▸ Task
For the listing below, return the line containing "2020 Kawasaki ER650 K", the line containing "2011' Ford Transit 280 photo #1", and all lines in between, exactly as written and nothing else.

▸ Dataset
- Opening Delimiter -

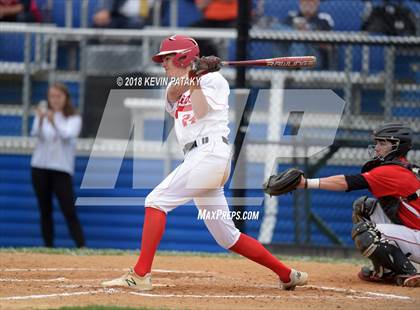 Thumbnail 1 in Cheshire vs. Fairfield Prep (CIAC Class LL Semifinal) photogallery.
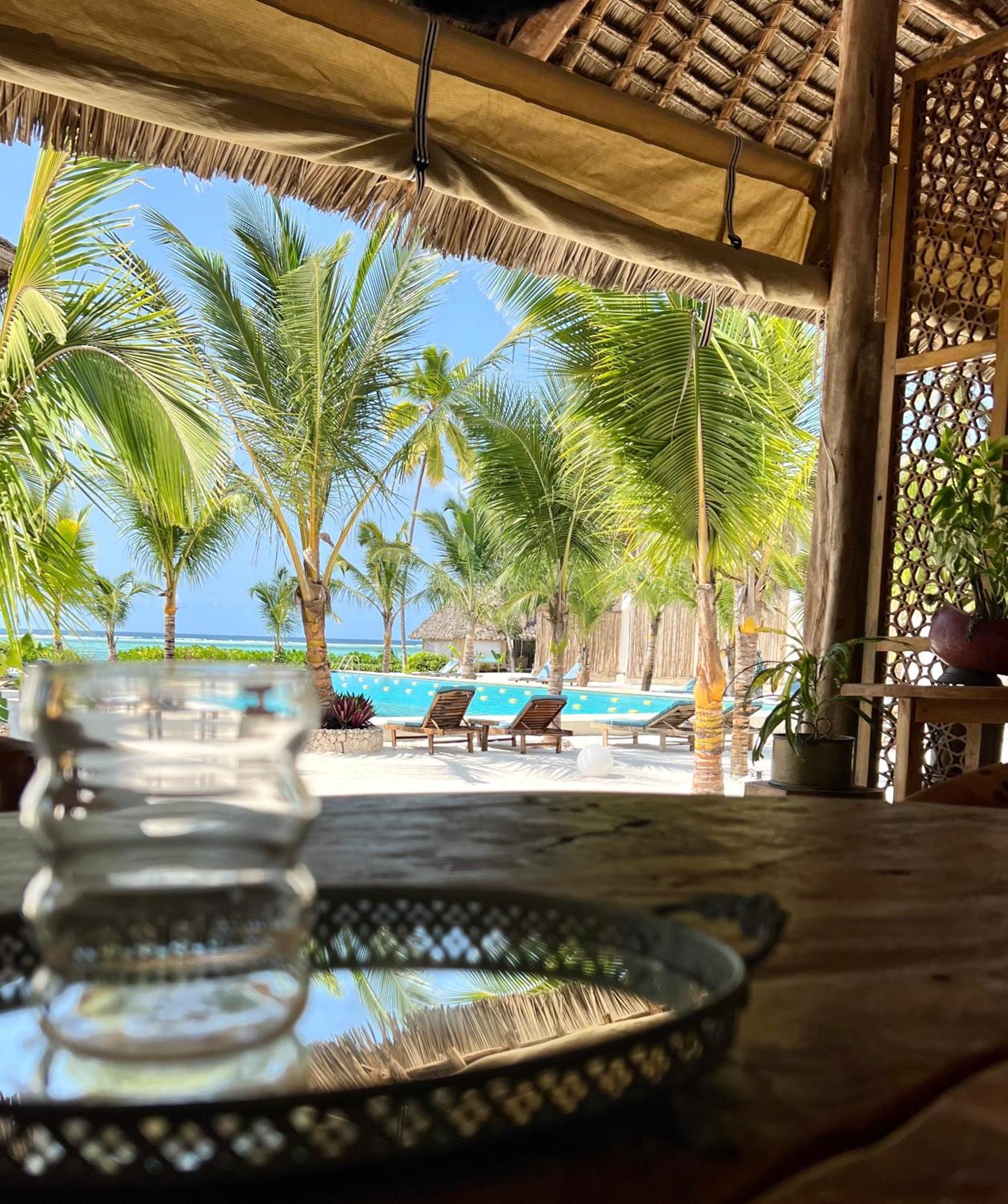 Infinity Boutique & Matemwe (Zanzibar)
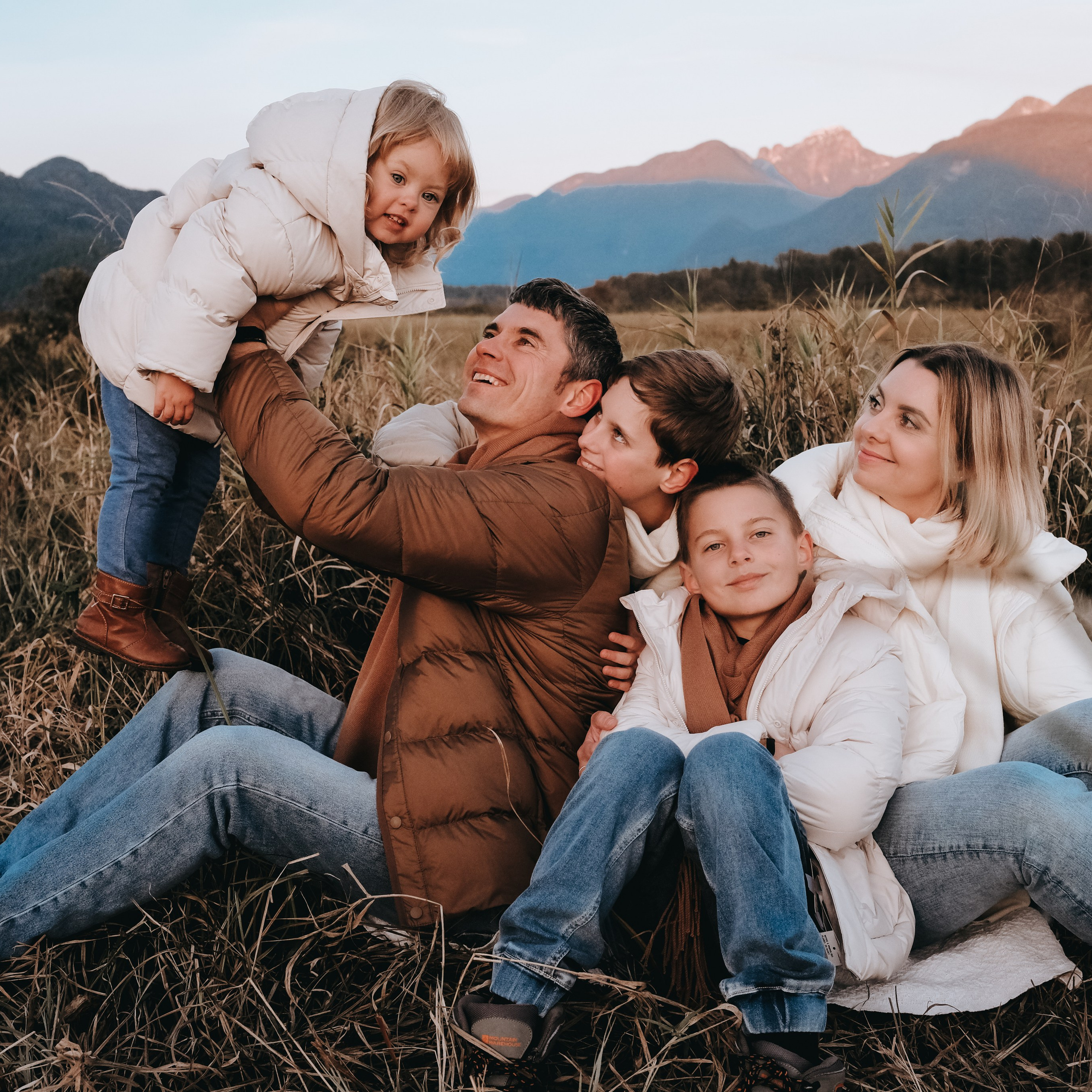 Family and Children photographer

- Closing Delimiter -
- Opening Delimiter -

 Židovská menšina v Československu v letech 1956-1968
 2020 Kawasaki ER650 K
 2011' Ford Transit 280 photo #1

- Closing Delimiter -

▸ Result
 2020 Kawasaki ER650 K
 2011' Ford Transit 280 photo #1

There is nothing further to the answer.